I applied this against a FreeBSD 13.0-RELEASE-p4 system and checked for interoperability successfully on a LAN with a machine running Linux kernel 5.14.1 (which includes our corresponding patch with this same functionality). ARP, ICMP, and TCP worked in both directions with either the FreeBSD or the Linux machine set to use the lowest address on their shared subnet.

I haven't yet tried routing in this configuration (i.e., confirming that both the Linux and FreeBSD machines will be willing to route packets in both directions in this condition), but I'll give that a try next.

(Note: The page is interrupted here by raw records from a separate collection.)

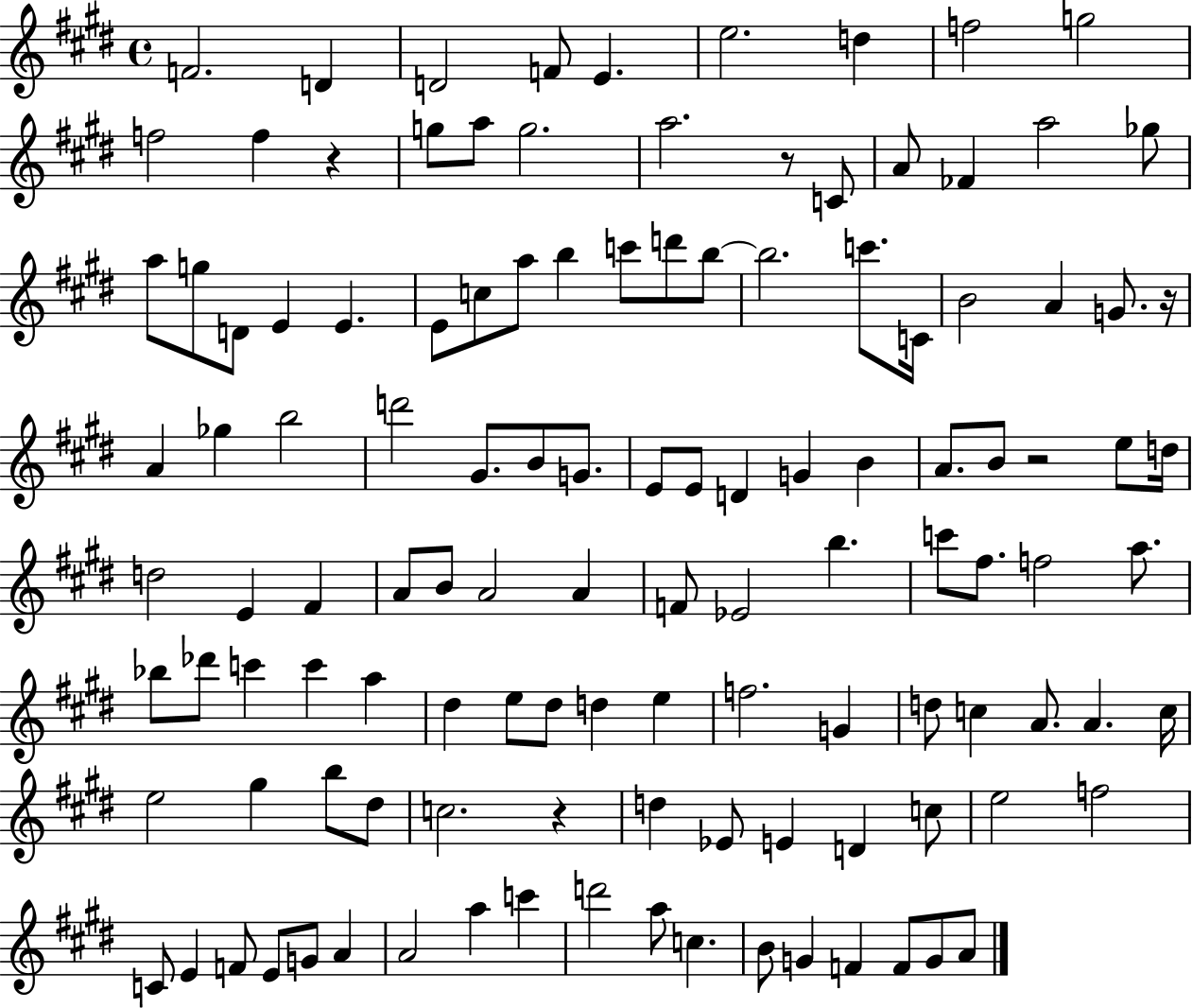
F4/h. D4/q D4/h F4/e E4/q. E5/h. D5/q F5/h G5/h F5/h F5/q R/q G5/e A5/e G5/h. A5/h. R/e C4/e A4/e FES4/q A5/h Gb5/e A5/e G5/e D4/e E4/q E4/q. E4/e C5/e A5/e B5/q C6/e D6/e B5/e B5/h. C6/e. C4/s B4/h A4/q G4/e. R/s A4/q Gb5/q B5/h D6/h G#4/e. B4/e G4/e. E4/e E4/e D4/q G4/q B4/q A4/e. B4/e R/h E5/e D5/s D5/h E4/q F#4/q A4/e B4/e A4/h A4/q F4/e Eb4/h B5/q. C6/e F#5/e. F5/h A5/e. Bb5/e Db6/e C6/q C6/q A5/q D#5/q E5/e D#5/e D5/q E5/q F5/h. G4/q D5/e C5/q A4/e. A4/q. C5/s E5/h G#5/q B5/e D#5/e C5/h. R/q D5/q Eb4/e E4/q D4/q C5/e E5/h F5/h C4/e E4/q F4/e E4/e G4/e A4/q A4/h A5/q C6/q D6/h A5/e C5/q. B4/e G4/q F4/q F4/e G4/e A4/e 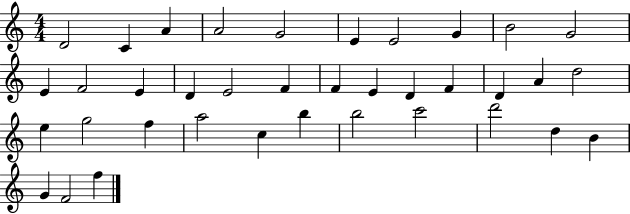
D4/h C4/q A4/q A4/h G4/h E4/q E4/h G4/q B4/h G4/h E4/q F4/h E4/q D4/q E4/h F4/q F4/q E4/q D4/q F4/q D4/q A4/q D5/h E5/q G5/h F5/q A5/h C5/q B5/q B5/h C6/h D6/h D5/q B4/q G4/q F4/h F5/q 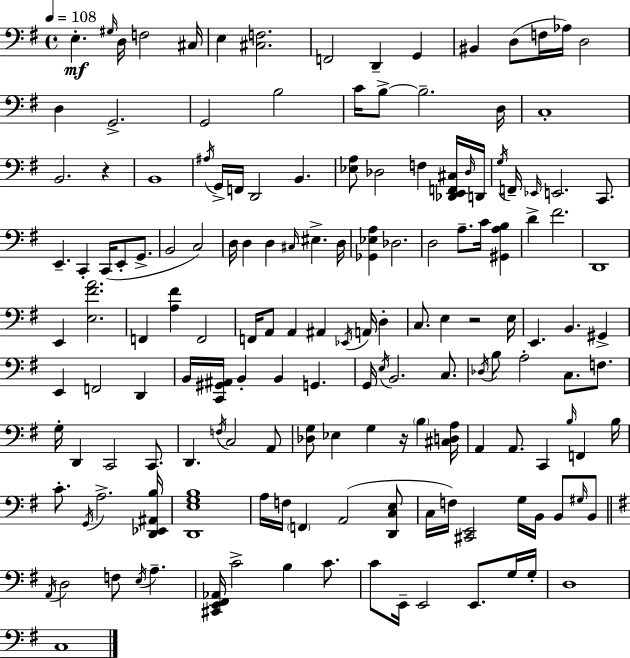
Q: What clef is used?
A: bass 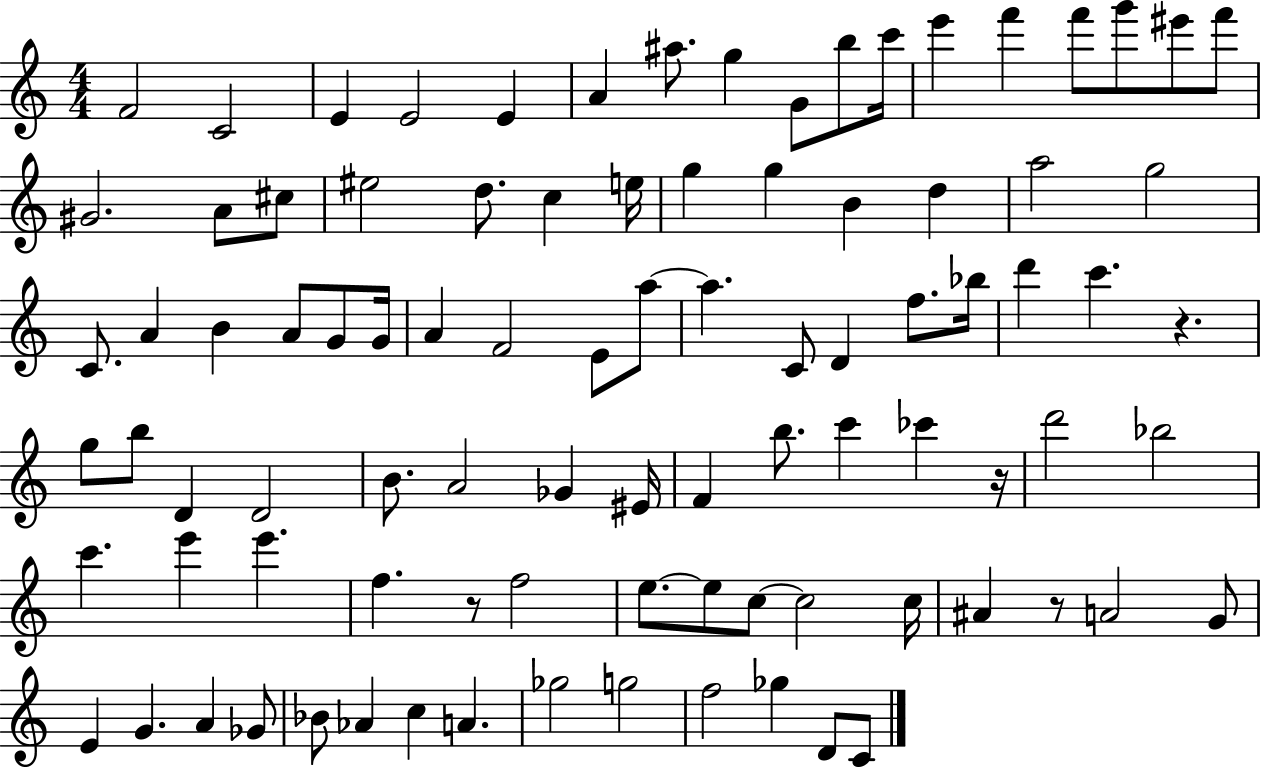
X:1
T:Untitled
M:4/4
L:1/4
K:C
F2 C2 E E2 E A ^a/2 g G/2 b/2 c'/4 e' f' f'/2 g'/2 ^e'/2 f'/2 ^G2 A/2 ^c/2 ^e2 d/2 c e/4 g g B d a2 g2 C/2 A B A/2 G/2 G/4 A F2 E/2 a/2 a C/2 D f/2 _b/4 d' c' z g/2 b/2 D D2 B/2 A2 _G ^E/4 F b/2 c' _c' z/4 d'2 _b2 c' e' e' f z/2 f2 e/2 e/2 c/2 c2 c/4 ^A z/2 A2 G/2 E G A _G/2 _B/2 _A c A _g2 g2 f2 _g D/2 C/2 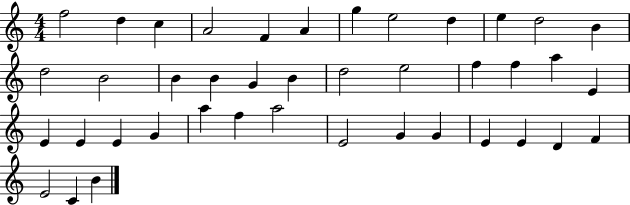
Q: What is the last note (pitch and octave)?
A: B4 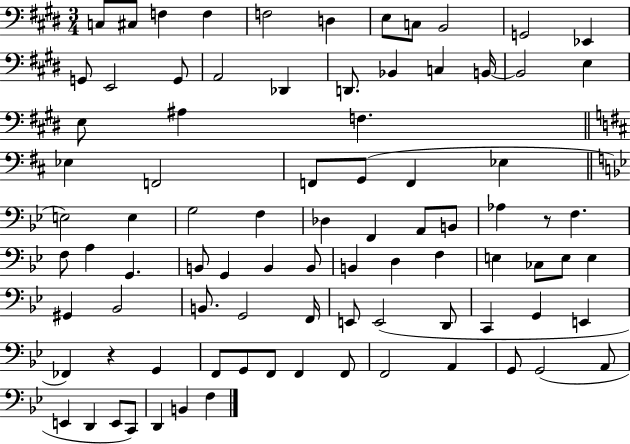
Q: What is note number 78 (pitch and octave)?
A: A2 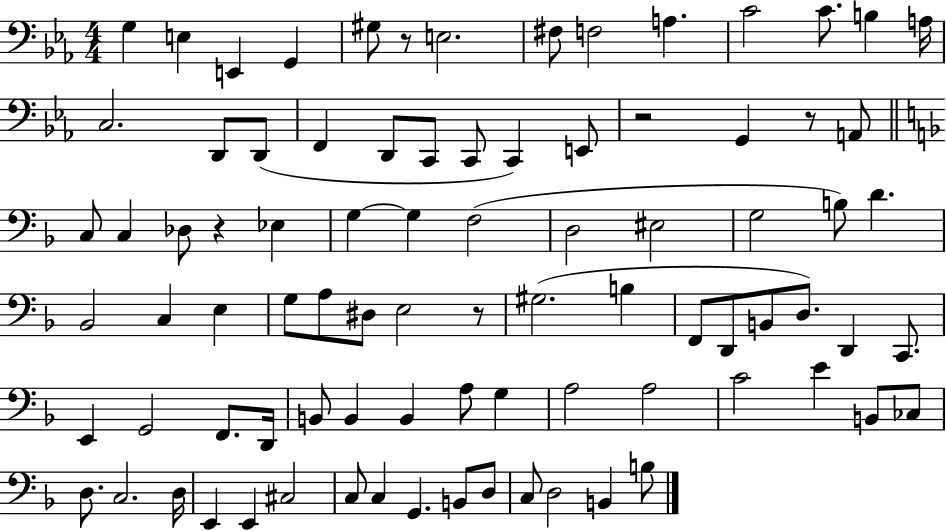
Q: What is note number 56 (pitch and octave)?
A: B2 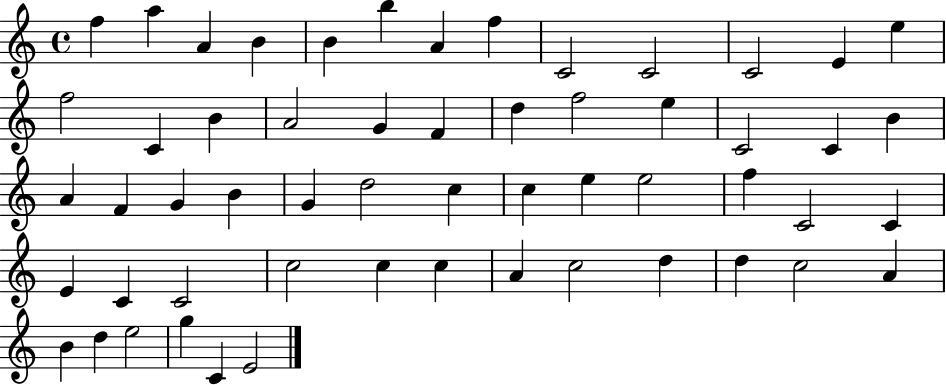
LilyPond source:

{
  \clef treble
  \time 4/4
  \defaultTimeSignature
  \key c \major
  f''4 a''4 a'4 b'4 | b'4 b''4 a'4 f''4 | c'2 c'2 | c'2 e'4 e''4 | \break f''2 c'4 b'4 | a'2 g'4 f'4 | d''4 f''2 e''4 | c'2 c'4 b'4 | \break a'4 f'4 g'4 b'4 | g'4 d''2 c''4 | c''4 e''4 e''2 | f''4 c'2 c'4 | \break e'4 c'4 c'2 | c''2 c''4 c''4 | a'4 c''2 d''4 | d''4 c''2 a'4 | \break b'4 d''4 e''2 | g''4 c'4 e'2 | \bar "|."
} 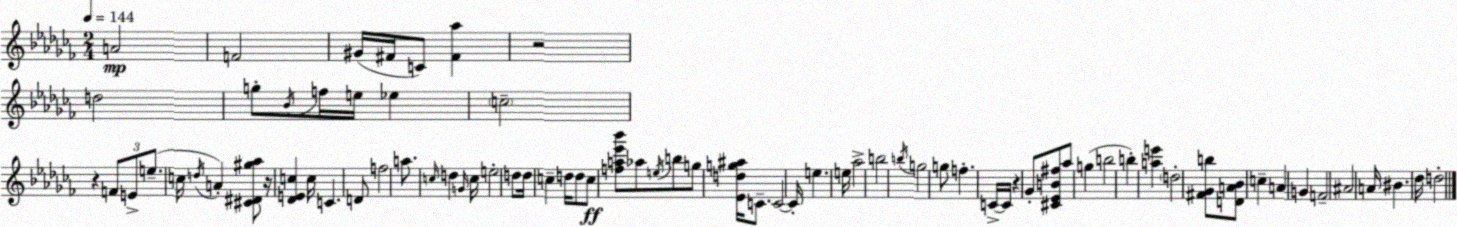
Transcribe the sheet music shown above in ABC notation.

X:1
T:Untitled
M:2/4
L:1/4
K:Abm
A2 F2 ^G/4 ^F/4 C/2 [^F_a] z2 d2 g/2 _B/4 f/4 e/4 _e c2 z F/2 E/2 e/2 c/4 d/4 A [^C^D^g_a]/2 z/4 [_DEc] c/4 C D/2 f2 a/2 c/4 d G/4 c/4 e2 d/2 d/4 c d/4 d/2 c/2 [fa_e'_b']/2 _a/2 e/4 b/2 g/2 [_Edg^a]/4 C/2 C2 C/4 e e/4 _a2 b2 b/4 g2 g/2 f C/4 C/4 z _G/2 [^C_EB^f]/2 _a/2 g b2 b [ae'] d2 [^F_Gb]/2 [DA_B]/2 c A G F2 ^A2 A/4 ^B _d/4 d2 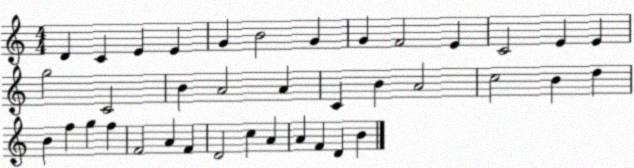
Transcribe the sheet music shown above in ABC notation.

X:1
T:Untitled
M:4/4
L:1/4
K:C
D C E E G B2 G G F2 E C2 E E g2 C2 B A2 A C B A2 c2 B d B f g f F2 A F D2 c A A F D B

I haven't yet tried routing in this configuration (i.e., confirming that both the Linux and FreeBSD machines will be willing to route packets in both directions in this condition), but I'll give that a try next.

Just to confirm, I tried all four of these combinations

FreeBSD .0, Linux .x, routing via Linux machine
FreeBSD .x, Linux .0, routing via Linux machine
FreeBSD .0, Linux .x, routing via FreeBSD machine
FreeBSD .x, Linux .0, routing via FreeBSD machine

to communicate with an unpatched machine on a different subnet, and all four worked properly.

e.g. the first of the four variants above looks like

patched patched unpatched
FreeBSD Linux Linux
\ / \ /
242.42.42.0 [wired eth] 242.42.42.1 250.250.250.1 [wifi] 250.250.250.250

and the unpatched Linux machine (right) is able to communicate correctly with the patched FreeBSD machine (left). All subnets are /24.

I didn't test to confirm that the unpatched machine *can't* communicate directly on the same subnet with the patched machine to which .0 was assigned, but I've noted that behavior in the past and it's almost certainly still the case.